Accordingly the present invention provides for a power tool comprising a body, a motor and, a roller, characterised in that the motor acts as the roller.
Preferably the motor is an electric motor having a stator and rotor, wherein the rotor is located outside the stator and is capable of rotating about the stator.
Preferably the rotor is the roller.
Preferably the stator is attached to the body.
Preferably the power tool further comprises a non-driven roller.
Preferably the non-driven roller is rotatably disposed upon an axle, the axle being attached to the body.
Preferably the power tool further comprises a belt, the rotor and the non-driven roller being capable of supporting the belt.
Preferably the rotor comprises a cylindrical drum and a plurality of permanent magnets, the permanent magnets being attached to the inside of the cylindrical drum.

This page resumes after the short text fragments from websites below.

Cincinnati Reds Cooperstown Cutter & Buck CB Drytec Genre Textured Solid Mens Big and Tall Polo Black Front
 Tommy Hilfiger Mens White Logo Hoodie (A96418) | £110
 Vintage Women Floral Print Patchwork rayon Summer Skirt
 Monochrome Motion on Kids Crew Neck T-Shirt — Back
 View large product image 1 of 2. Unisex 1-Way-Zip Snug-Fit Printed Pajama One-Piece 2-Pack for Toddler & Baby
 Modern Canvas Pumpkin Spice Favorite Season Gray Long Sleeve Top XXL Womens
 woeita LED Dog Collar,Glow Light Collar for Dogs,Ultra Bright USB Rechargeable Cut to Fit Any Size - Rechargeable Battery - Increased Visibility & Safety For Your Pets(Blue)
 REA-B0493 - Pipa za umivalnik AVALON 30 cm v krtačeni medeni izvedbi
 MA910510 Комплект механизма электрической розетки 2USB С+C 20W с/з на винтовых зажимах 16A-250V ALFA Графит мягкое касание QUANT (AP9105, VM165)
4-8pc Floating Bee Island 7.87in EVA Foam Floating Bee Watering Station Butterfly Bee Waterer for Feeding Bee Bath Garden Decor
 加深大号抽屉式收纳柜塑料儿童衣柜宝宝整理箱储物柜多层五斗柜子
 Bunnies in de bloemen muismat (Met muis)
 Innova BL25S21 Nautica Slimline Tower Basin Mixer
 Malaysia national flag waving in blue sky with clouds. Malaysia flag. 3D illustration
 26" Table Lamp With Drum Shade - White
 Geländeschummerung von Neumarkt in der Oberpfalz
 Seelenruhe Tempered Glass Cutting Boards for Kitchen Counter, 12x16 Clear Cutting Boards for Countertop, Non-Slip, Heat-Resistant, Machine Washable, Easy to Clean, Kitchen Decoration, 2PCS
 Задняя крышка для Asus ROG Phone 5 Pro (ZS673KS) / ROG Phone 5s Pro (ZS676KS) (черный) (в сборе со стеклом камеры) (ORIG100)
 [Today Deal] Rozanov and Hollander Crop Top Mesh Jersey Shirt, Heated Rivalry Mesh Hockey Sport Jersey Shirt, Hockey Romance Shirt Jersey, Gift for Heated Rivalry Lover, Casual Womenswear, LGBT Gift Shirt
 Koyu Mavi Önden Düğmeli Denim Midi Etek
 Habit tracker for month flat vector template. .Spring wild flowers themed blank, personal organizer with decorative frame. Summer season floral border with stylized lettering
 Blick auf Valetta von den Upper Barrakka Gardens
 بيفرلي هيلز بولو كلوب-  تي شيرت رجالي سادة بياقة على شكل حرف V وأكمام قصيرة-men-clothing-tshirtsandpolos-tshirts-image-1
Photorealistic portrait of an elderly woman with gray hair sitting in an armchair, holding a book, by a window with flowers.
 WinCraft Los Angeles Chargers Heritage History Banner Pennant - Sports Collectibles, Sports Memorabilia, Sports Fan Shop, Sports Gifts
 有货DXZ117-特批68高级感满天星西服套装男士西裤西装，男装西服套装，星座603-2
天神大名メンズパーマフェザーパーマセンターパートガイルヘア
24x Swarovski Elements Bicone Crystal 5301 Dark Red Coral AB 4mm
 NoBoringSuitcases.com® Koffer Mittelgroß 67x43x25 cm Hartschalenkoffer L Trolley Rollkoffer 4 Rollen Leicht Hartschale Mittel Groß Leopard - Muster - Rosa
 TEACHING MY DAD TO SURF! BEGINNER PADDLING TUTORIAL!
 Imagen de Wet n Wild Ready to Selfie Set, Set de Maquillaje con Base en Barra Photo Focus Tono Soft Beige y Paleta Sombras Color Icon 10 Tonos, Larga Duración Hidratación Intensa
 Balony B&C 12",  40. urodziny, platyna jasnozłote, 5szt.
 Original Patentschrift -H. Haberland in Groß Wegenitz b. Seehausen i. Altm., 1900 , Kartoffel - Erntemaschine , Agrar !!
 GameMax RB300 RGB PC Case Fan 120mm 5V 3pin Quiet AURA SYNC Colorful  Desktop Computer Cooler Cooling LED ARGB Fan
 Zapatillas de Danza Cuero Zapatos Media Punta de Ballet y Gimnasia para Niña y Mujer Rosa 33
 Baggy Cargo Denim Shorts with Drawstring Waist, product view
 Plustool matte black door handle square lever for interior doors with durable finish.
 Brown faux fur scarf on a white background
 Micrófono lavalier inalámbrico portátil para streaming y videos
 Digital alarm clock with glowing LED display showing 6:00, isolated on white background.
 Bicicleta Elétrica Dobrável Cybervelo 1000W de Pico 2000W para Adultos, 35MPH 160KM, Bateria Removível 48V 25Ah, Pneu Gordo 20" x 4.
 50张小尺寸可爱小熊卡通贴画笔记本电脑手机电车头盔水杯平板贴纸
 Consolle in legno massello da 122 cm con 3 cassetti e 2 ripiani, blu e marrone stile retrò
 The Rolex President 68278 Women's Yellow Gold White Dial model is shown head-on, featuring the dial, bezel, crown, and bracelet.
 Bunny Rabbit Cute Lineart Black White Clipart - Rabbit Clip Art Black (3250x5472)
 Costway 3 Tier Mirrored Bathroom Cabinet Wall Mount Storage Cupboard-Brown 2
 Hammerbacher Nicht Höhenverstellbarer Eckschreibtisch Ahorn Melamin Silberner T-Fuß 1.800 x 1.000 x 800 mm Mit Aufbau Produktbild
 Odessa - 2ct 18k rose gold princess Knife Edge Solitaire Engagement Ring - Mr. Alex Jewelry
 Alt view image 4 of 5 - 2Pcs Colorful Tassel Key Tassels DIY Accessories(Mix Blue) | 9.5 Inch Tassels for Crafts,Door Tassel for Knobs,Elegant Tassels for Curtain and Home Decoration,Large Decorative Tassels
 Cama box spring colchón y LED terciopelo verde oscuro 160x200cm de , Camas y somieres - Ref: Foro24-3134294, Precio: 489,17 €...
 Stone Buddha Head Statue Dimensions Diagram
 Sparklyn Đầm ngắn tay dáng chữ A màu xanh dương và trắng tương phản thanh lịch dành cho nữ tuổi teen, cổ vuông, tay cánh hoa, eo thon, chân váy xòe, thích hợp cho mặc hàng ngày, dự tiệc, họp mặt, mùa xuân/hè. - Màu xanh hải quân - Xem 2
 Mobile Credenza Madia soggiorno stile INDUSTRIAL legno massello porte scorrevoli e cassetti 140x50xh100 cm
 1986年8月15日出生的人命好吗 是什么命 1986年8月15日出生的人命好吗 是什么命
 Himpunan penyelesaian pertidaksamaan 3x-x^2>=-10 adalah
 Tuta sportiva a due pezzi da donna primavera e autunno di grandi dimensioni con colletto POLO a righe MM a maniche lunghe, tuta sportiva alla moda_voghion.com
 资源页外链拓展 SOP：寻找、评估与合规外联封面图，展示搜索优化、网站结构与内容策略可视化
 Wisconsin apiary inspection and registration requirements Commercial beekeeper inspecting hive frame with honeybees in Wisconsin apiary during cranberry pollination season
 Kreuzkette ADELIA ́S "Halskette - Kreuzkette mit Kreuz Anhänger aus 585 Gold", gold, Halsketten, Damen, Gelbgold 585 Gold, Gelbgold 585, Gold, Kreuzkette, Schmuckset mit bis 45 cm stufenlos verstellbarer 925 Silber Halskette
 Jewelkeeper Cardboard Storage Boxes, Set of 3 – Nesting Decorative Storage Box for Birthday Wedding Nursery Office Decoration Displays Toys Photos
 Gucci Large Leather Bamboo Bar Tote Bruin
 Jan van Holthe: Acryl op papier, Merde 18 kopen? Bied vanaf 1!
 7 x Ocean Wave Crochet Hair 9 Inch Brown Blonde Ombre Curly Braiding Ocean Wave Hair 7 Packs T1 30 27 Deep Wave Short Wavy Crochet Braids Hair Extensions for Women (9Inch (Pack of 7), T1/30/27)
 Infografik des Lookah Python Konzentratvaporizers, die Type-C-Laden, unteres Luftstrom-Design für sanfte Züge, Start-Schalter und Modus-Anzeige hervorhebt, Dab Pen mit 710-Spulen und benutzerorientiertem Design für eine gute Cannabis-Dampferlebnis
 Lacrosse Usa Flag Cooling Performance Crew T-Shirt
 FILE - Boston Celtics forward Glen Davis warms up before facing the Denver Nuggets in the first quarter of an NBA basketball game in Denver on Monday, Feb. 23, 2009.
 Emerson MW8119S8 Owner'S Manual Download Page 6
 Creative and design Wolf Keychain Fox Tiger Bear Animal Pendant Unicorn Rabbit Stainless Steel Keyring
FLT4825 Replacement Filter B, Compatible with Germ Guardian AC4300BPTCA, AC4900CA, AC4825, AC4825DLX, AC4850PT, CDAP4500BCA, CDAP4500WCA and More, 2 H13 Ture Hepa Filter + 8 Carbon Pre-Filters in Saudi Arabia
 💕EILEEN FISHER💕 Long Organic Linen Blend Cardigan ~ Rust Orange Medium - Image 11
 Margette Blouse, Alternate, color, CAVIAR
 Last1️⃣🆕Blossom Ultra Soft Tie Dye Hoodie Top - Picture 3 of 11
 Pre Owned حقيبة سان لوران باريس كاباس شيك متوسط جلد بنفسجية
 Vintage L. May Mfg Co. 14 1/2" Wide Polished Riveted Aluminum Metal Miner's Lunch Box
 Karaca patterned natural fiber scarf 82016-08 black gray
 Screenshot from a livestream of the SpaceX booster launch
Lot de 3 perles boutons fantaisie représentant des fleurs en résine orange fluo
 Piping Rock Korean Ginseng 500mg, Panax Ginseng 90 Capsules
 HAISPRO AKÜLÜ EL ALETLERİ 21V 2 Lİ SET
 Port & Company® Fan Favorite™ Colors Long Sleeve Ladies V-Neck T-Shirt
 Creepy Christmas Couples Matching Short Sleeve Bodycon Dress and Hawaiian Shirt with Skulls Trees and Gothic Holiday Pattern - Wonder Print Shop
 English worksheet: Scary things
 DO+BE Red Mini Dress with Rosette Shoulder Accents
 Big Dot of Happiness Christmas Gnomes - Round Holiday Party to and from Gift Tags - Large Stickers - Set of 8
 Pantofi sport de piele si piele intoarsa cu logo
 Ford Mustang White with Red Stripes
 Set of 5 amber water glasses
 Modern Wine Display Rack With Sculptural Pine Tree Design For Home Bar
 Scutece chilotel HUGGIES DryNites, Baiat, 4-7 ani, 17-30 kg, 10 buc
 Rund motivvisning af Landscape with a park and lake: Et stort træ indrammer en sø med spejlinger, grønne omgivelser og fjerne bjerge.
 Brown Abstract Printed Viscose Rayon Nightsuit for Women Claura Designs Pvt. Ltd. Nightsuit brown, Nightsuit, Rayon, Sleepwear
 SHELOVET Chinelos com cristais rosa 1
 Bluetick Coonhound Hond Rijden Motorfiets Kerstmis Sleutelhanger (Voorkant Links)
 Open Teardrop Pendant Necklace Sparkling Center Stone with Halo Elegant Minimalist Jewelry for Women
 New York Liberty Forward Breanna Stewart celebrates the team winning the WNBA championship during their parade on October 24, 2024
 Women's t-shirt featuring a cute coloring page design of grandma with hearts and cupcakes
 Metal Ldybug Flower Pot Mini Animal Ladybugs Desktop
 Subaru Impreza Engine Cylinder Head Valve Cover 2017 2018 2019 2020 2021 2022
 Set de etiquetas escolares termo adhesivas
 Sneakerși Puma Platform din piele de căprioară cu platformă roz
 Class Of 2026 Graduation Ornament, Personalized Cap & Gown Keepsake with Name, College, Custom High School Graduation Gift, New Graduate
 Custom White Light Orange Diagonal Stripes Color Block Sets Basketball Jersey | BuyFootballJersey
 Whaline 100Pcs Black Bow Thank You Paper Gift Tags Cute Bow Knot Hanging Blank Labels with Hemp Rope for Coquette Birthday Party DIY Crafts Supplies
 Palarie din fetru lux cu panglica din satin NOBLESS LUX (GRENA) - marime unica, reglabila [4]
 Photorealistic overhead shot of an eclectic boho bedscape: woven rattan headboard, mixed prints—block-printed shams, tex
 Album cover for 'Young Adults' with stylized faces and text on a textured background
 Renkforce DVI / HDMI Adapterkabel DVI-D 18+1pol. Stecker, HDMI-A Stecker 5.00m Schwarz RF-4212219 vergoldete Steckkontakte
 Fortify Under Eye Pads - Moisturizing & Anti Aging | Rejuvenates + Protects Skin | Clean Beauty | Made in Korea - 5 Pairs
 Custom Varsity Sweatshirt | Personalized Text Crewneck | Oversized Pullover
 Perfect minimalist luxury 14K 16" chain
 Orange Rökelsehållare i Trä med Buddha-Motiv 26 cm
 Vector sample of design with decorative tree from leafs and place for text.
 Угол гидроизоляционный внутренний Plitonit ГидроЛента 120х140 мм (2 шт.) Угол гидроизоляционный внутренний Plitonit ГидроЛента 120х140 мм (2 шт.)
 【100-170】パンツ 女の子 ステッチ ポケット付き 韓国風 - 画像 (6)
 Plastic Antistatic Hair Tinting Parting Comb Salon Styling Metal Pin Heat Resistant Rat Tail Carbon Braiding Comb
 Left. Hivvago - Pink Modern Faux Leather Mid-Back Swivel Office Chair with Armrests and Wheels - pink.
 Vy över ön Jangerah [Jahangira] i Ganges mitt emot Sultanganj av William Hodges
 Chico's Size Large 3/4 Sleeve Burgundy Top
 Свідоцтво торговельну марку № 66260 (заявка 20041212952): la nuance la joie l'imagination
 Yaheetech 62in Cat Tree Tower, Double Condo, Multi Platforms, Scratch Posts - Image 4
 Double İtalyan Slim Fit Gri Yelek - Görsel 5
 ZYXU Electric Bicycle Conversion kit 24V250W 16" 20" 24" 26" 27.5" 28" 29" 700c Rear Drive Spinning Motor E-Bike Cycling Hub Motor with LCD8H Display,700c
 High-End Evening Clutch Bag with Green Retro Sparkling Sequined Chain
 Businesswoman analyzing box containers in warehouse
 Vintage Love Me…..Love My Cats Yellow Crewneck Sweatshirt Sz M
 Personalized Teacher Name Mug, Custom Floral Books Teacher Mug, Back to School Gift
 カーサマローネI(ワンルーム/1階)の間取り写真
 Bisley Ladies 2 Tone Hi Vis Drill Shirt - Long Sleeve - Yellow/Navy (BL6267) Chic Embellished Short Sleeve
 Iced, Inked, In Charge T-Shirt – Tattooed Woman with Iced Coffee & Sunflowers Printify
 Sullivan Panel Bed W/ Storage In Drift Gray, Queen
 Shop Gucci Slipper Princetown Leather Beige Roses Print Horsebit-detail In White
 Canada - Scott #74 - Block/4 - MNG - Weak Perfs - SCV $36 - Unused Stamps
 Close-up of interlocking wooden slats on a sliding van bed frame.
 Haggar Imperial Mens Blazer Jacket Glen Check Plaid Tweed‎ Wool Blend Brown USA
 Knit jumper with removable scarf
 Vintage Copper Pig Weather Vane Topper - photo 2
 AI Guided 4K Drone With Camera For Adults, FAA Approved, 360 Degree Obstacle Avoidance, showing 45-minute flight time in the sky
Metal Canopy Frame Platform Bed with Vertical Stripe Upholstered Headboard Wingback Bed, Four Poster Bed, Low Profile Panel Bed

Preferably the permanent magnets are sintered rare earth magnets.
Preferably the motor is a brushless shielded motor.
Preferably the stator is a claw pole stator comprising at least one claw pole stator element.
Preferably a claw pole stator element comprises a field coil, a first half-claw member and a second half-claw member, the first half-claw member comprising a first central element and a plurality of claws, the claws being arranged in equi-angular intervals around the perimeter of the first half-claw member, and the second half-claw member comprising a second central element and a plurality of claws, the claws being arranged in equi-angular intervals around the perimeter of the second half-claw member, wherein the claw pole stator element is formed when the first half claw member and the second half claw member are joined at the first central element and the second central element thereby causing the claws to juxtapose about the perimeter of the first half-claw member and the second half-claw member, the claws enclosing the field coil and, the field coil surrounding the joined first central element and second central element.
Preferably the first half-claw member and the second half-claw member are formed of an isotropic ferromagnetic composite material.
Preferably the claw pole stator further comprises a shaft and a plurality of claw pole stator elements the claw pole stator elements each concentrically disposed upon the shaft.
Preferably the shaft is formed of a non-magnetic material.
Additionally or alternatively the stator comprises a laminated core having a plurality of laminated teeth, a field coil and, a shaft, the laminated core being fixedly secured upon the shaft.